→ **Extracted information**
────────
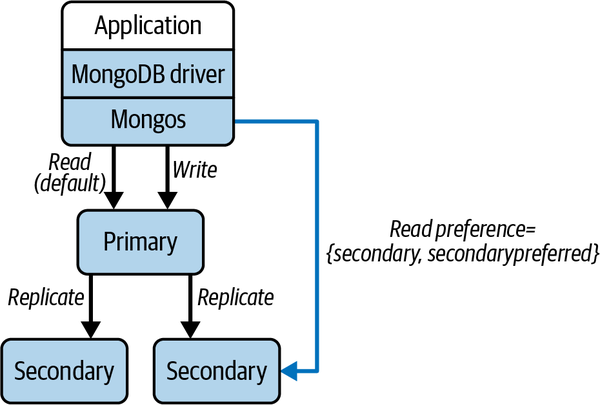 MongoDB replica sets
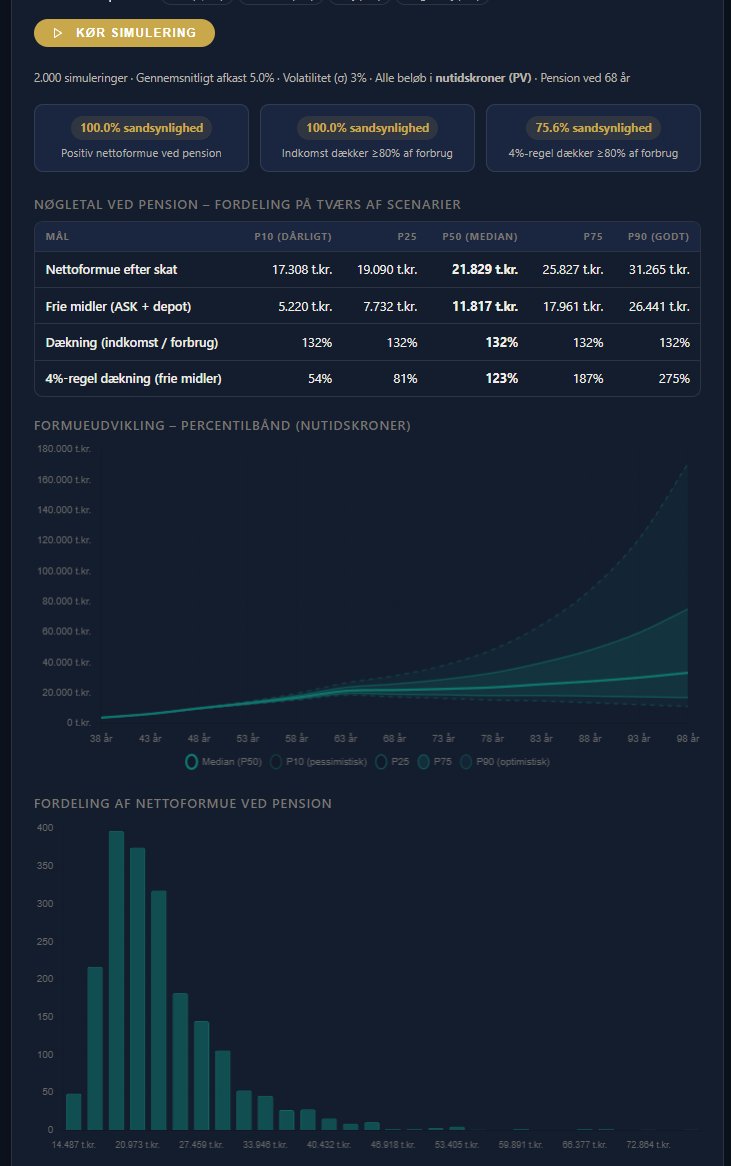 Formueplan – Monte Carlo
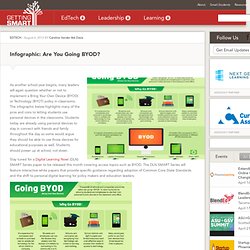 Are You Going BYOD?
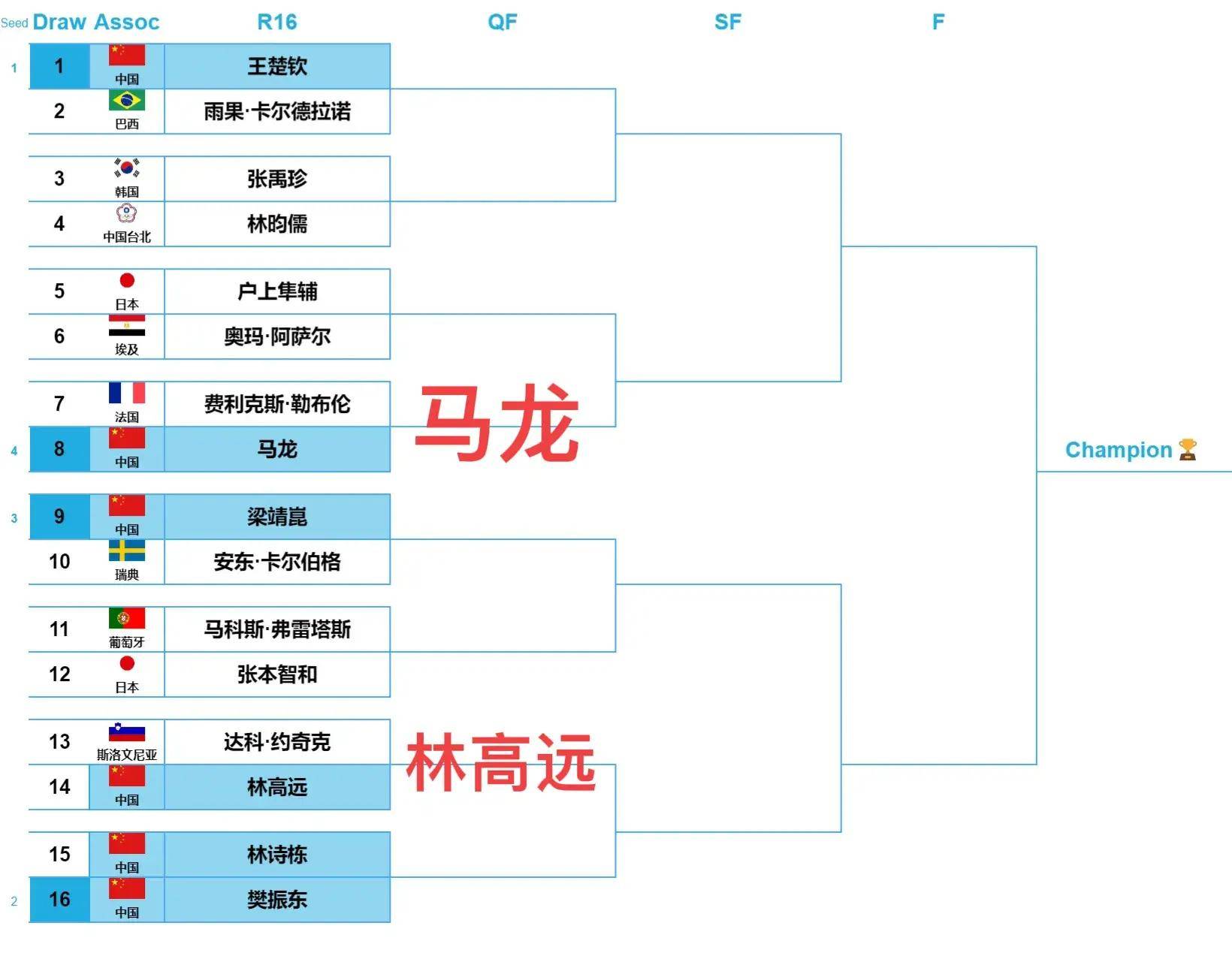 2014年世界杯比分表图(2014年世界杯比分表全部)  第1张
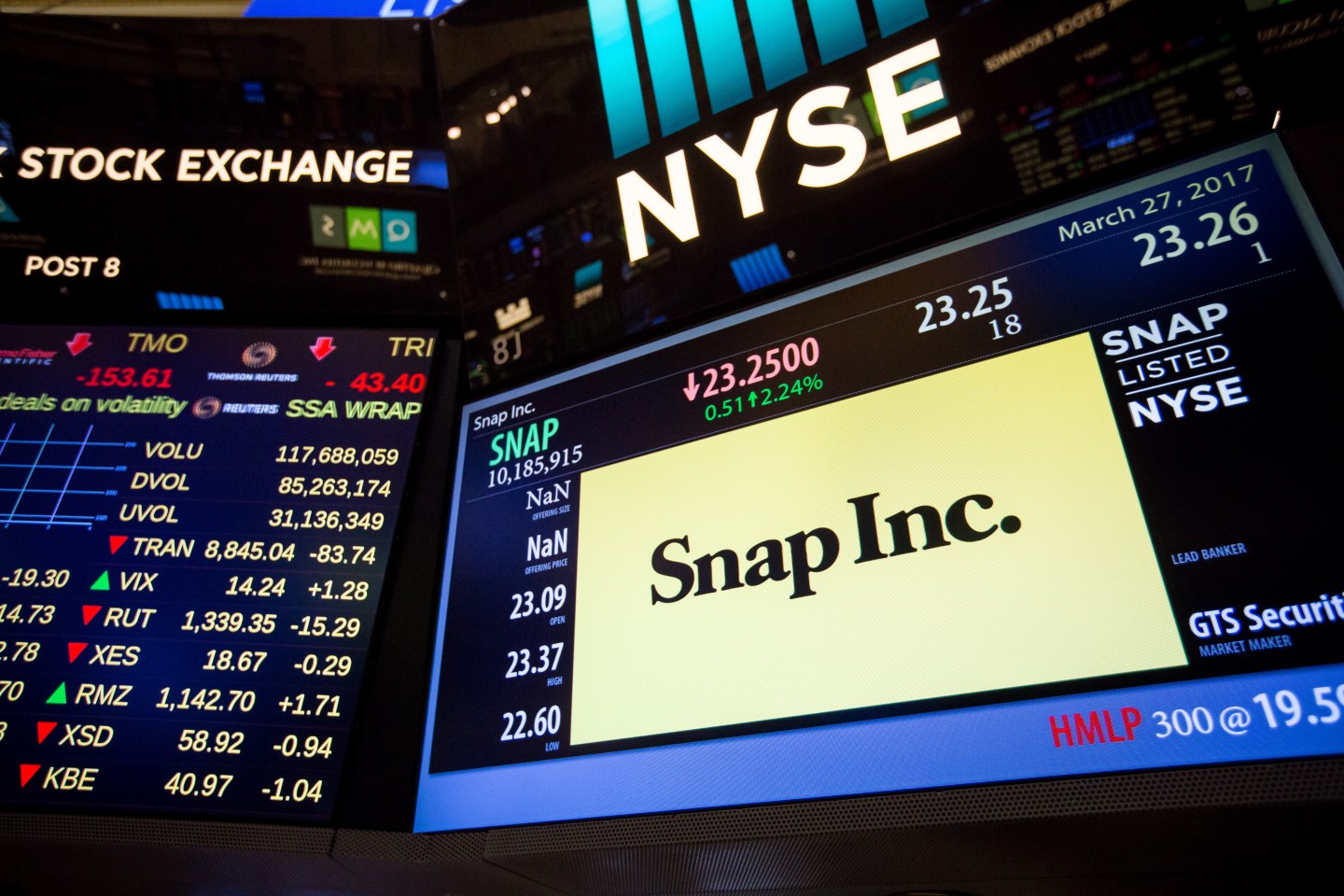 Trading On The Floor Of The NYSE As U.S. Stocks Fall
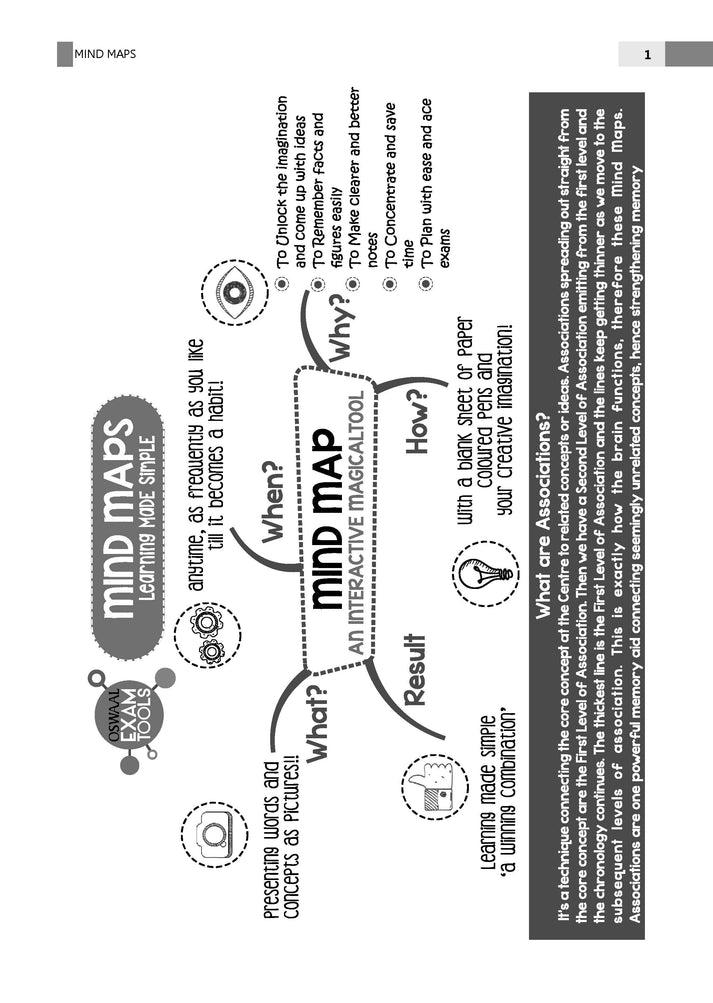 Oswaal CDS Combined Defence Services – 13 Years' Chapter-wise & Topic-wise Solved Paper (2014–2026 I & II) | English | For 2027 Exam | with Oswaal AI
────────
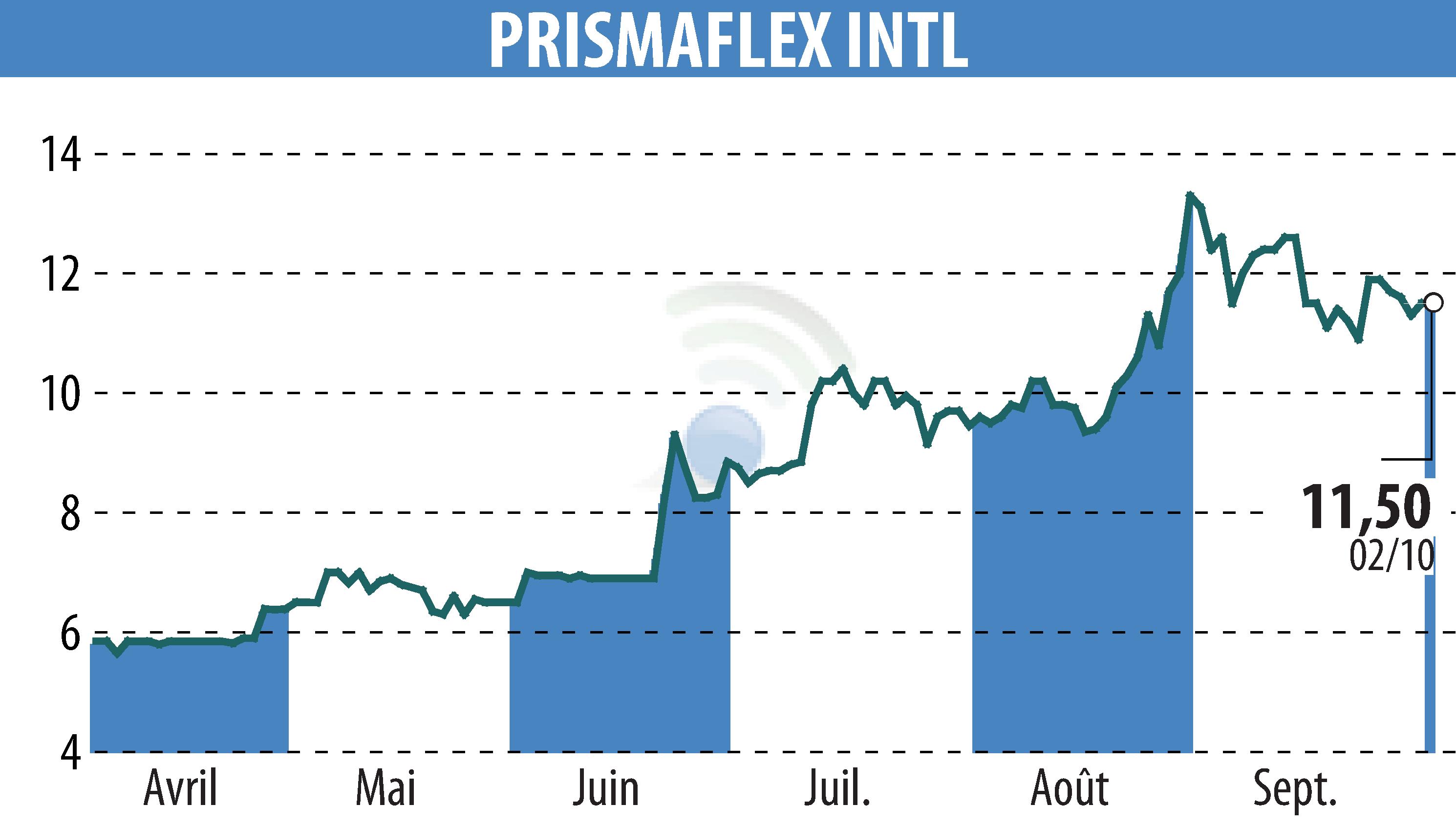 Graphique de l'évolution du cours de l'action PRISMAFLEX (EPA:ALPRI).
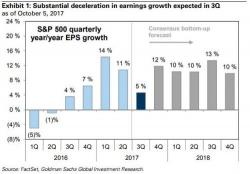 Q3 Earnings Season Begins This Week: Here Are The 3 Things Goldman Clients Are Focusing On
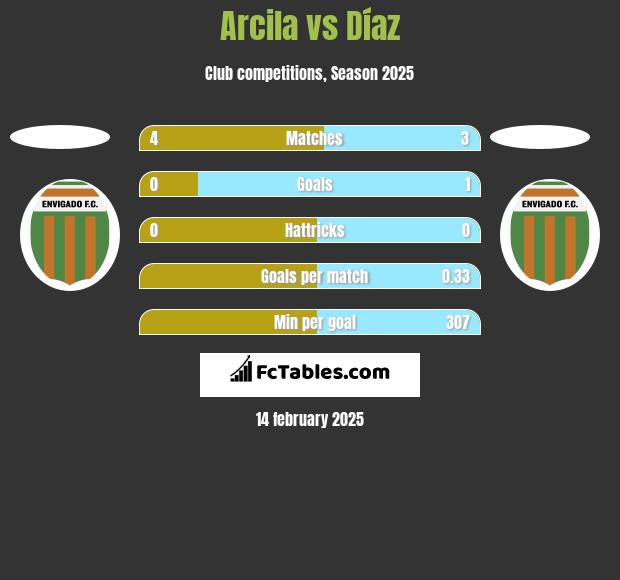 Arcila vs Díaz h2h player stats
────────
→ **Work required**
Write out exactly the lines above between the one with "Formueplan – Monte Carlo" and the one with "Oswaal CDS Combined", inclusive, with pictures left out.

→ **Task solution**
 Formueplan – Monte Carlo
 Are You Going BYOD?
 2014年世界杯比分表图(2014年世界杯比分表全部)  第1张
 Trading On The Floor Of The NYSE As U.S. Stocks Fall
 Oswaal CDS Combined Defence Services – 13 Years' Chapter-wise & Topic-wise Solved Paper (2014–2026 I & II) | English | For 2027 Exam | with Oswaal AI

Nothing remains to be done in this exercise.